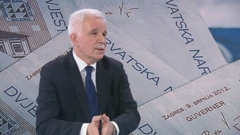 Mladen Vedriš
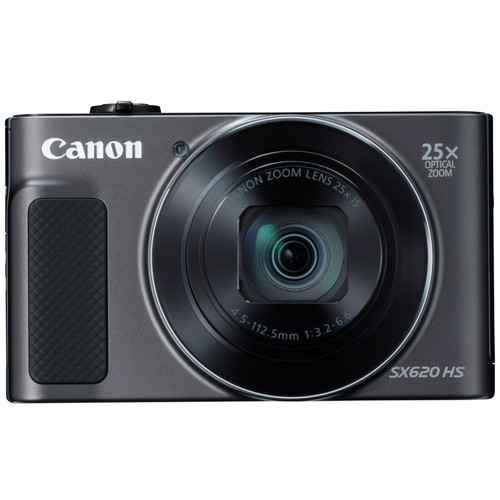 Canon Powershot SX620 HS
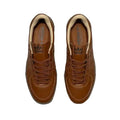Adidas Glenburn Shoe Dusky Bronze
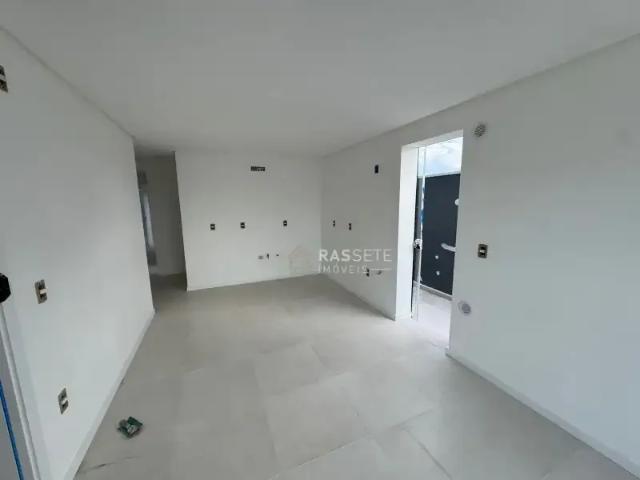 Apartamento venda em Região Geográfica Imediata de Itajaí, Navegantes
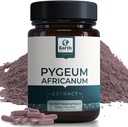 pygeum-bark-extract-500mg-120-capsules---2.jpg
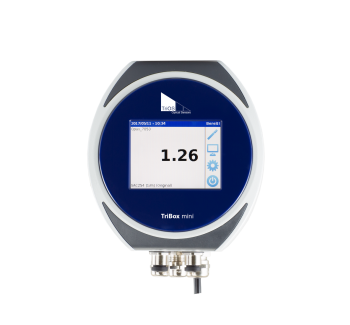 TriBox-Mini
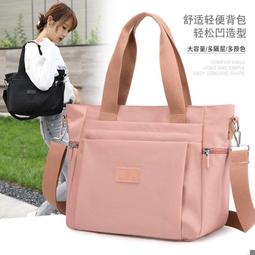 手提 包 尼龍 肩背包-大容量防潑水輕便旅行袋男女包包6色74bb39[獨家進口][巴黎精品] 歷史價格詳細信息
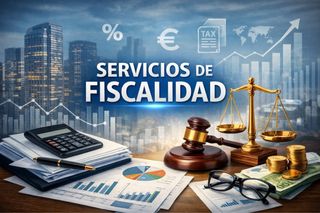 Se ofrece Economista y Asesora Fiscal.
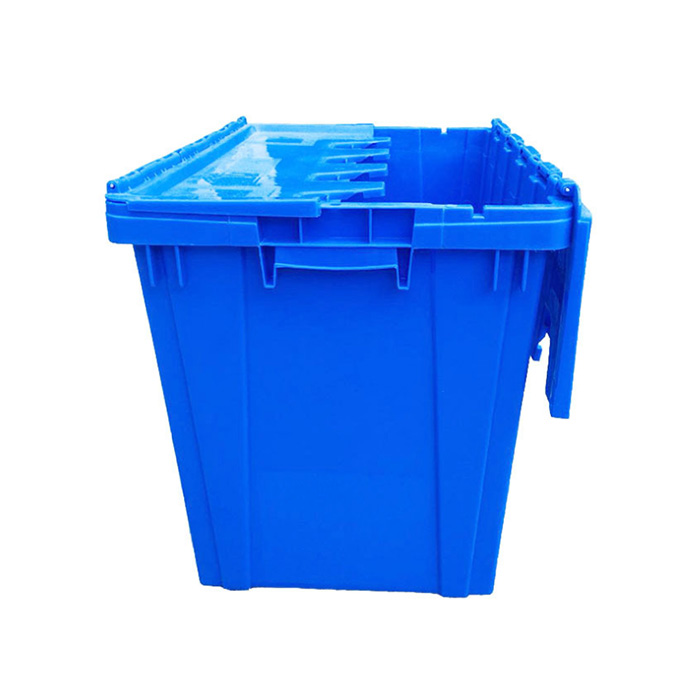 PK6445 Nesting Containers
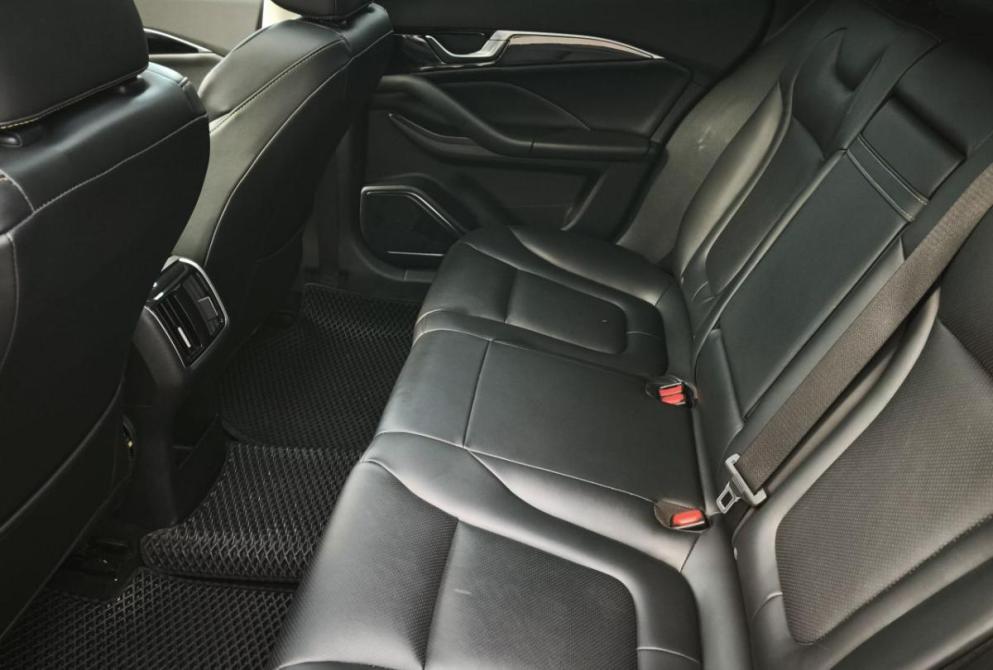 FAW Bestune B70 I Сыктывкар  - изображение 18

* * * * * * *

INSTRUCTIONS TO FOLLOW:
Repeat the records above exactly, from the first line through the line that contains "手提 包 尼龍 肩背包-大容量防潑水輕便旅行袋男女包包6色74bb39[獨家進口][巴黎精品]", and leave out the pictures.

REPLY TO THE TASK:
 Mladen Vedriš
 Canon Powershot SX620 HS
Adidas Glenburn Shoe Dusky Bronze
 Apartamento venda em Região Geográfica Imediata de Itajaí, Navegantes
 pygeum-bark-extract-500mg-120-capsules---2.jpg
 TriBox-Mini
 手提 包 尼龍 肩背包-大容量防潑水輕便旅行袋男女包包6色74bb39[獨家進口][巴黎精品] 歷史價格詳細信息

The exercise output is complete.